:: Data excerpt ::

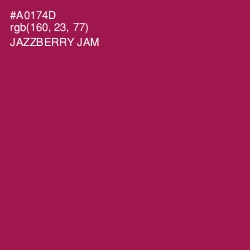 #A0174D - Jazzberry Jam Color Image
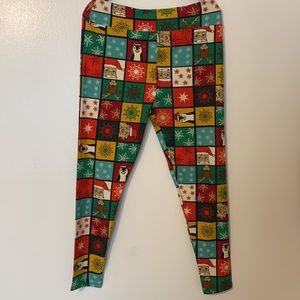 lularoe 🦄 christmas TC2 leggings NWOT
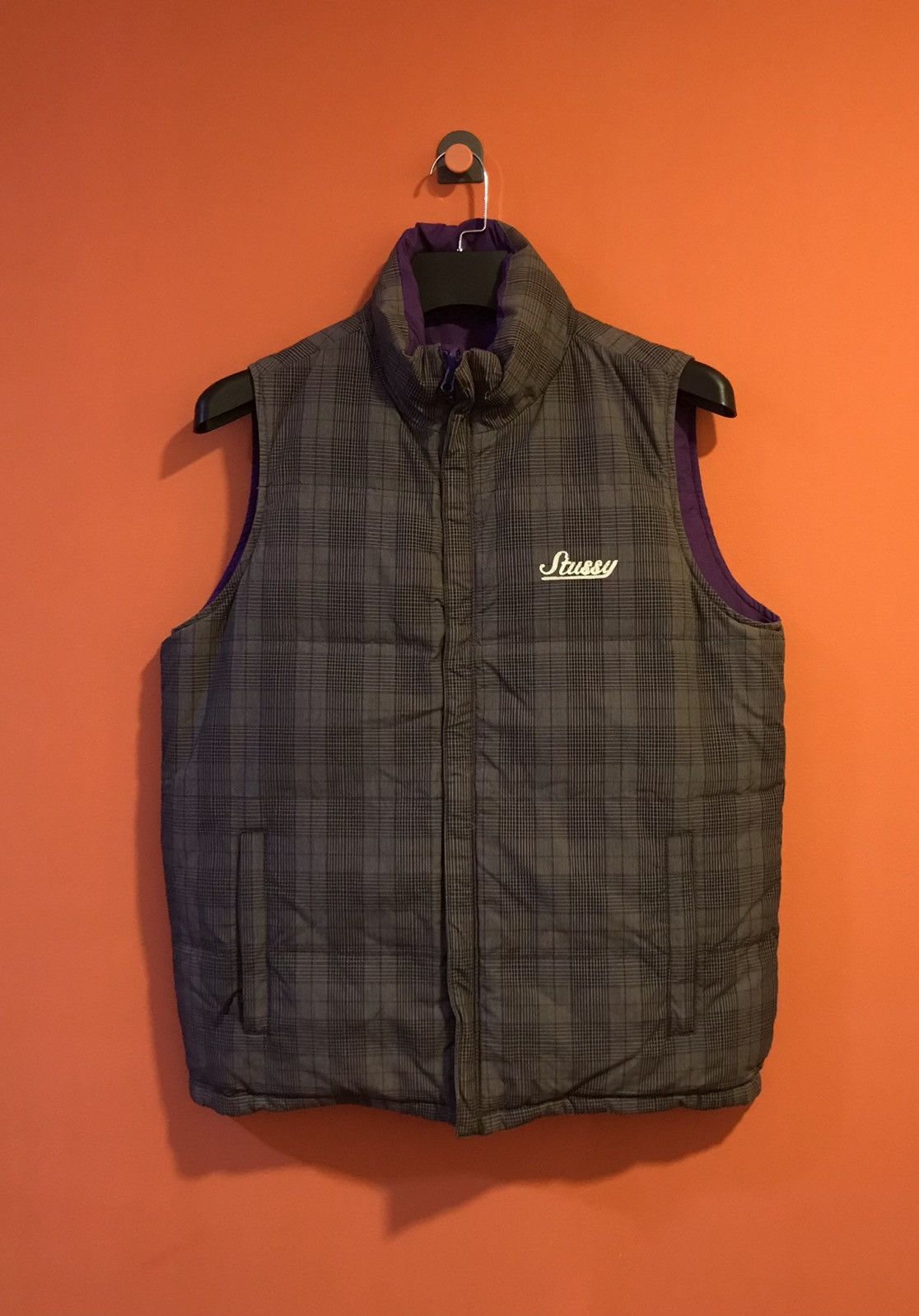 Stussy STUSSY “Reversible” PUFFER VEST | Grailed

:::

**What you need to do:**
Give back the listing exactly, with the pictures removed.

**Task response:**
 #A0174D - Jazzberry Jam Color Image
 lularoe 🦄 christmas TC2 leggings NWOT
 Stussy STUSSY “Reversible” PUFFER VEST | Grailed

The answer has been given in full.